Mathematics has always been regarded as the ultimate abstraction of all real problems. Between today’s already powerful AI and the future AGI that everyone aspires to, the difference is an understanding of the world, the difference is math. 数字化转型网(www.szhzxw.cn)
The advancement of AI technology will obviously continue to have a profound impact on the mathematics community.
“A top-ranked team must first be full of innovation and pioneering spirit.” Ali global number competition organizing committee member, Dharma Institute decision intelligence lab head Yin Wutao said. “In the field of mathematics, traditional mathematicians and mathematicians are not so familiar with AI tools, nor do they necessarily know the latest AI methods. So I think the AI team that can finally get through the competition and win may be a team composed of experts in multiple fields.”
An essential part of the development of mathematics is innovation in thinking and methods. And these players are not very advanced in mathematics itself, but by training these AI to solve math problems, they have brought a lot of novel and different strategies, which can bring a lot of inspiration.
Compared to the relative slowness of the mathematician community as a whole, some have moved first. Tao Zhexuan is one of the famous mathematicians who most actively embrace AI. He constantly shares his process of using AI tools to solve mathematical tasks on social networks, and he has proved the polynomial Freiman-Ruzsa conjecture with AI tools and AI assistance. He also recommends that math experts open their minds. 数字化转型网(www.szhzxw.cn)
“Perhaps one of the effects of AI will be to enable amateur mathematicians to make meaningful contributions to mathematics.” In one article he wrote. AI, he argues, makes it easier for individuals to scale up their capabilities, making it easier for even amateurs to contribute to the proof of individual steps in a huge project.
And the people who got into the math game in this game because of their curiosity about AI are doing something similar.
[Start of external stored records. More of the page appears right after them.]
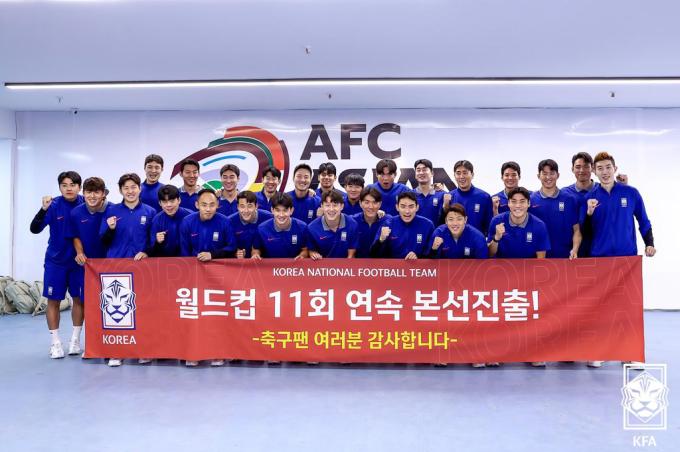 6일(한국시간) 이라크 바스라 국제경기장에서 열린 2026 국제축구연맹(FIFA) 북중미 월드컵 아시아 3차 예선 B조 조별리그 9차전 이라크의 원정 경기에서 2대0 완승을 거두며 11회 연속 본선 진출에 성공한 대한민국 축구대표팀 선수단이 기념 촬영을 하고 있다. (대한축구협회 제공, 재판매 및 DB금지) 2025.6.6/뉴스1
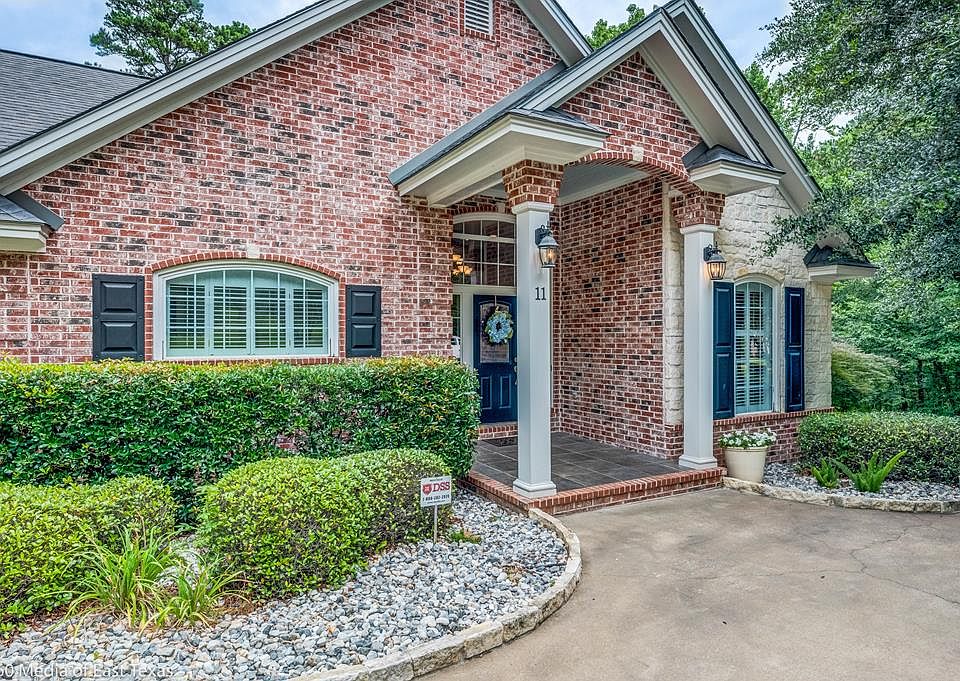 1st image of 11 Waterford Cir
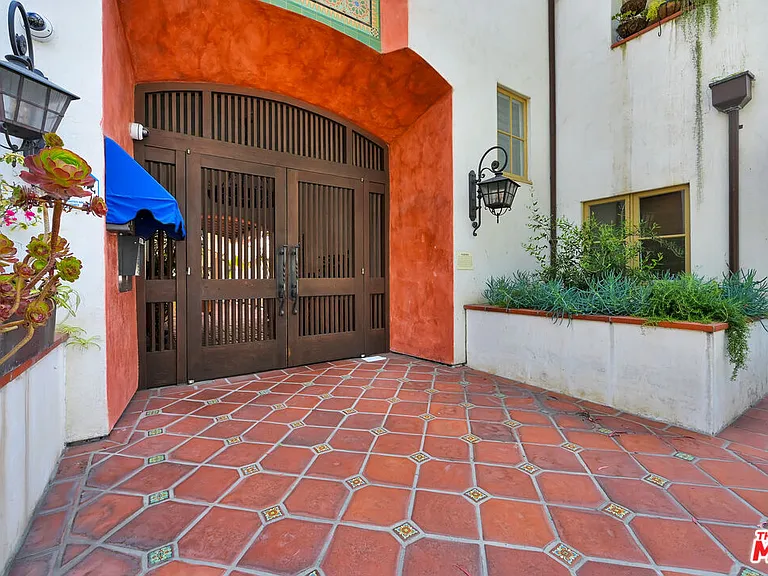 1414 N Harper Ave #5 — Photo 28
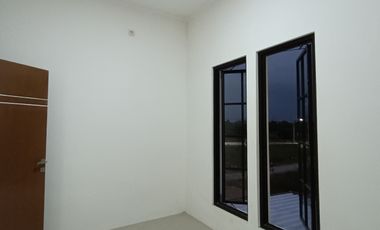 Rumah 2 Lantai Barat Surabaya 500 Jutaan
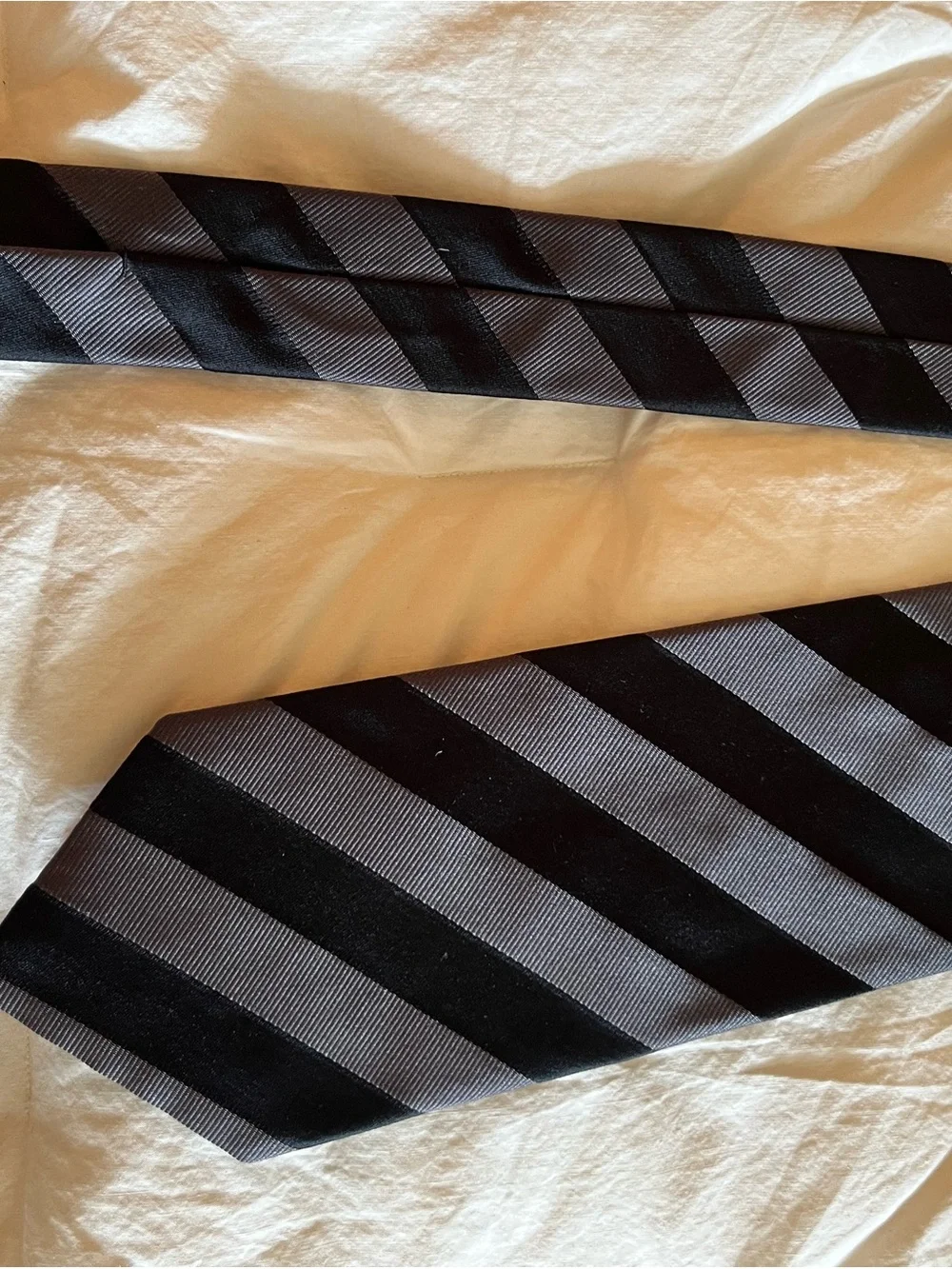 Hugo Boss Black Gray Striped 100% Silk Tie Made in Italy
They also remind people of the past few Ali number games, those who do not have a utilitarian heart for mathematics of the public enthusiasts – addicted to the Ola constant takeout brother, hobby is to do math problems and so on.
Today, getting more people involved is especially important for the progress of both mathematics and AI. These disciplines and technologies, which are critical to the future of mankind, should no longer remain on a pedestal when moving forward. 数字化转型网(www.szhzxw.cn)
本文由数字化转型网(www.szhzxw.cn)转载而成,来源于硅星人Pro;编辑/翻译:数字化转型网宁檬树。

免责声明: 本网站(https://www.szhzxw.cn/)内容主要来自原创、合作媒体供稿和第三方投稿,凡在本网站出现的信息,均仅供参考。本网站将尽力确保所提供信息的准确性及可靠性,但不保证有关资料的准确性及可靠性,读者在使用前请进一步核实,并对任何自主决定的行为负责。本网站对有关资料所引致的错误、不确或遗漏,概不负任何法律责任。
本网站刊载的所有内容(包括但不仅限文字、图片、LOGO、音频、视频、软件、程序等) 版权归原作者所有。任何单位或个人认为本网站中的内容可能涉嫌侵犯其知识产权或存在不实内容时,请及时通知本站,予以删除。